Action item:
Could all of the entries be written out exactly, with any pictures omitted?

Task inputs:

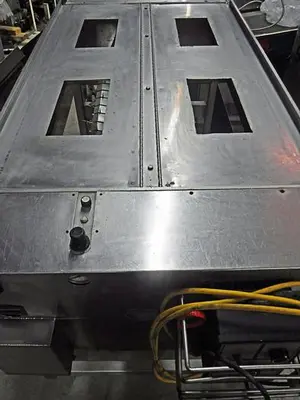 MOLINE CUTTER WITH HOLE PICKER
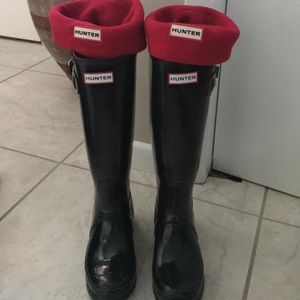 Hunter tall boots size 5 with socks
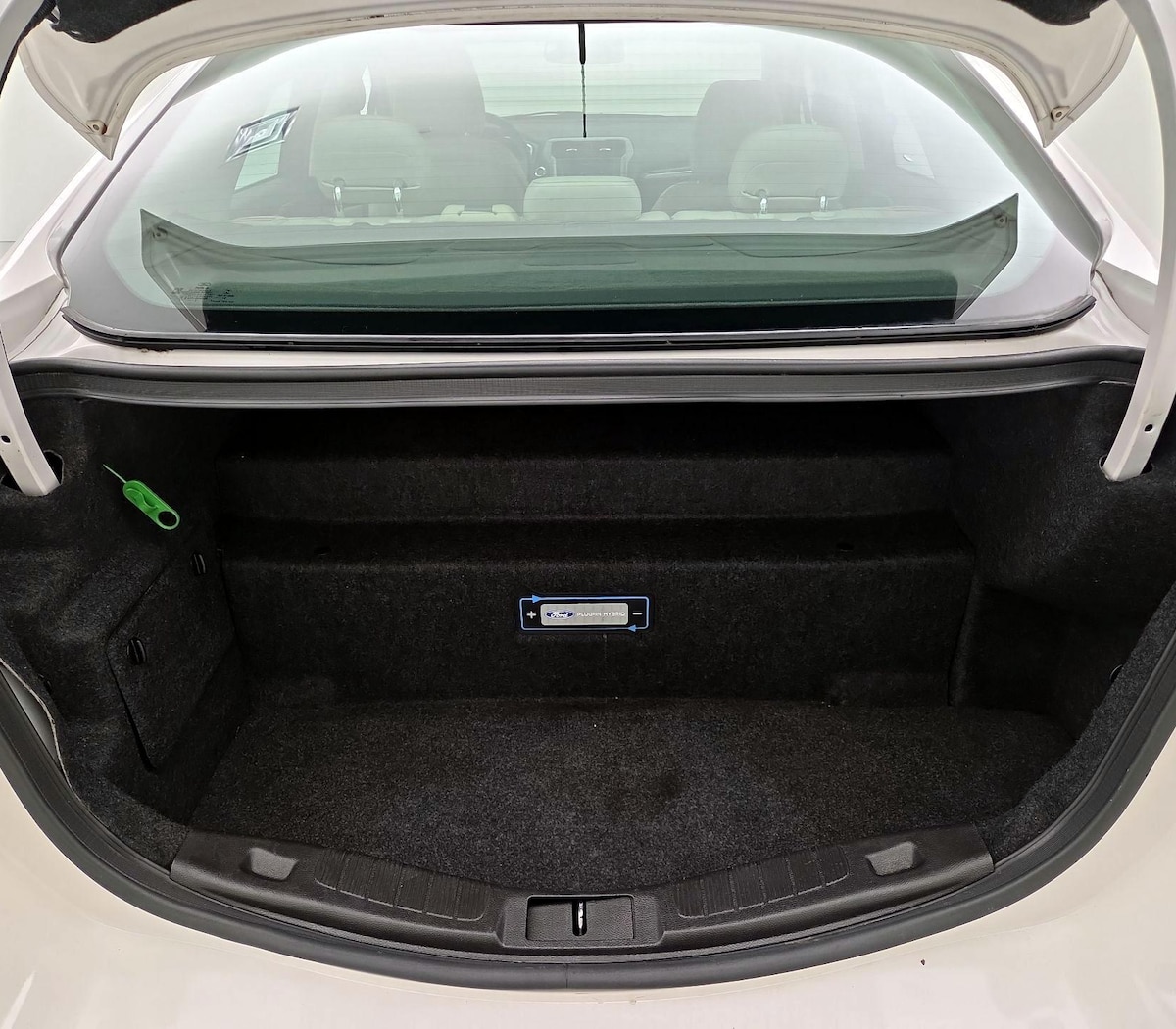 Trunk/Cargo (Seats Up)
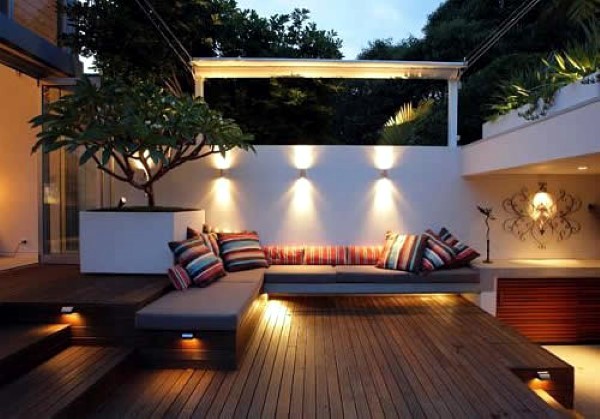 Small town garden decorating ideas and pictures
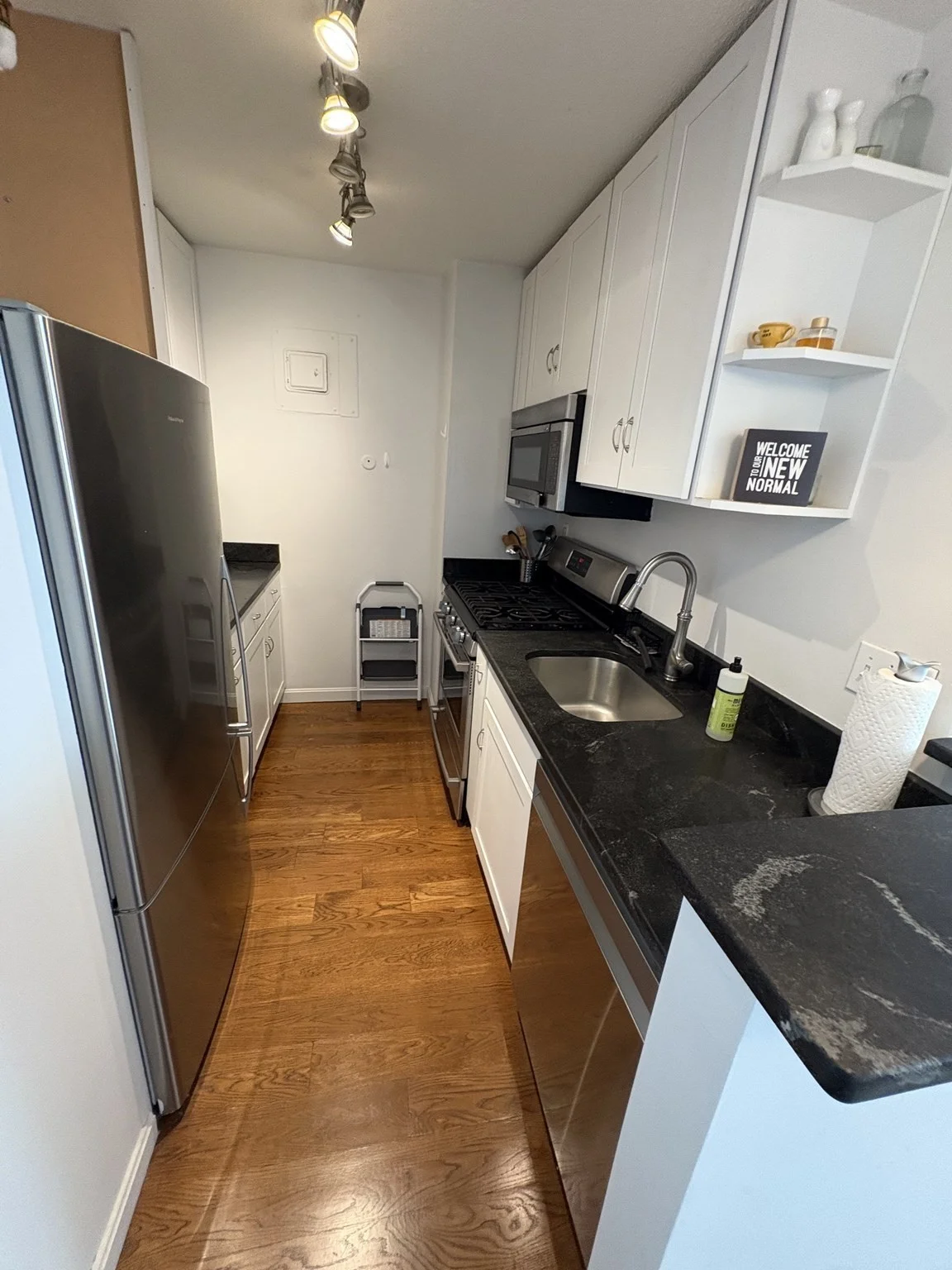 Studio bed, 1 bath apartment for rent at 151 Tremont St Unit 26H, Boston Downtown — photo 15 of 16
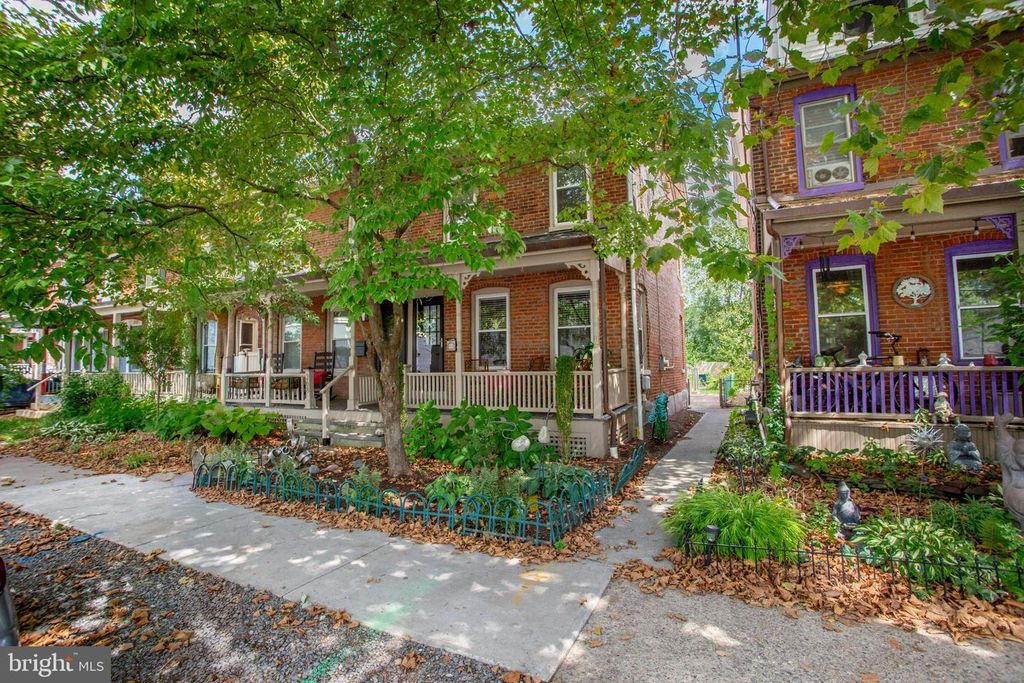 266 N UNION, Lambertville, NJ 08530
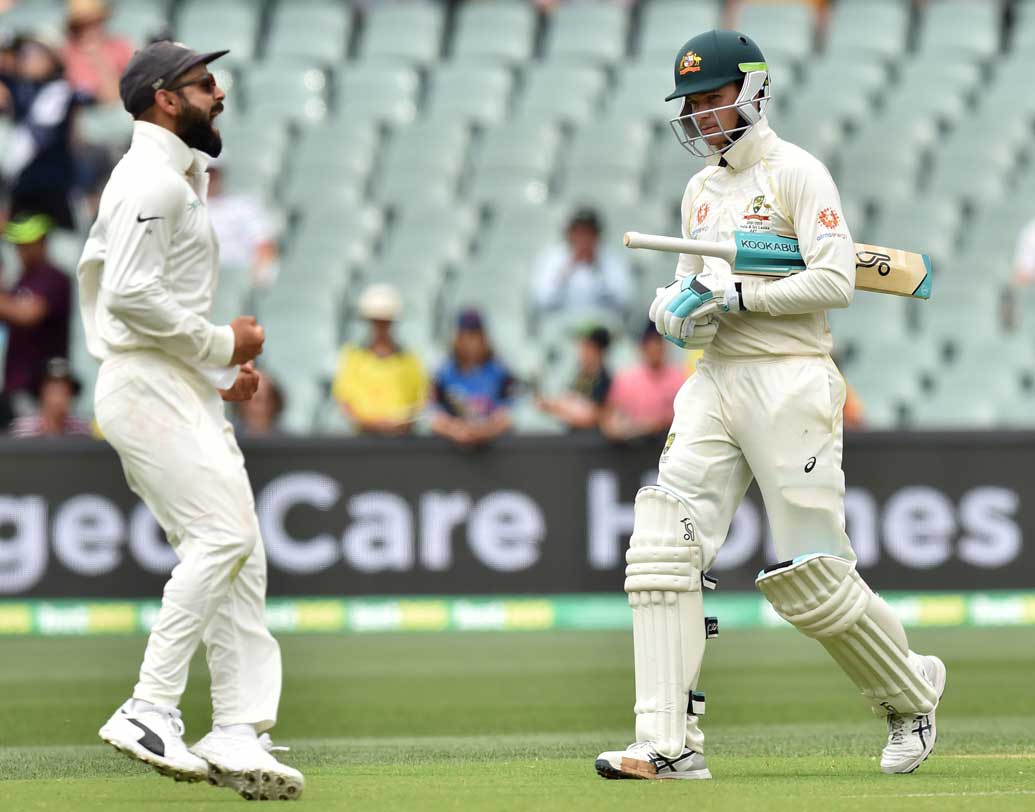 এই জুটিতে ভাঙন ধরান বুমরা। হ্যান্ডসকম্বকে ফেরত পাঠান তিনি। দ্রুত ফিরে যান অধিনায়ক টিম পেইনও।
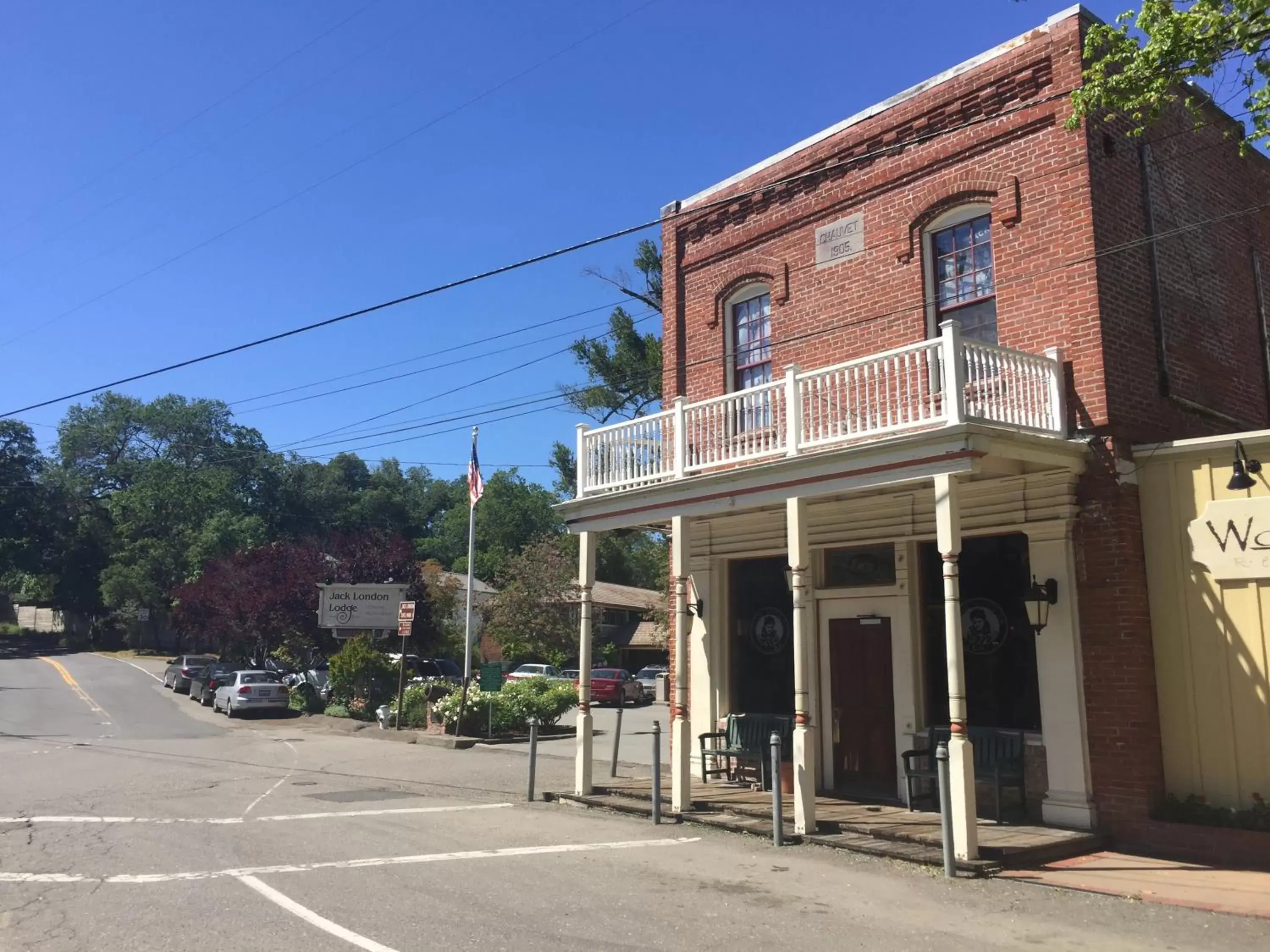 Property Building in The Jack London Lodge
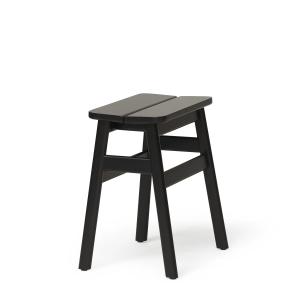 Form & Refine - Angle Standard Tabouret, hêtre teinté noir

Solution for this task:
 MOLINE CUTTER WITH HOLE PICKER
 Hunter tall boots size 5 with socks
 Trunk/Cargo (Seats Up)
 Small town garden decorating ideas and pictures
 Studio bed, 1 bath apartment for rent at 151 Tremont St Unit 26H, Boston Downtown — photo 15 of 16
 266 N UNION, Lambertville, NJ 08530
 এই জুটিতে ভাঙন ধরান বুমরা। হ্যান্ডসকম্বকে ফেরত পাঠান তিনি। দ্রুত ফিরে যান অধিনায়ক টিম পেইনও।
 Property Building in The Jack London Lodge
 Form & Refine - Angle Standard Tabouret, hêtre teinté noir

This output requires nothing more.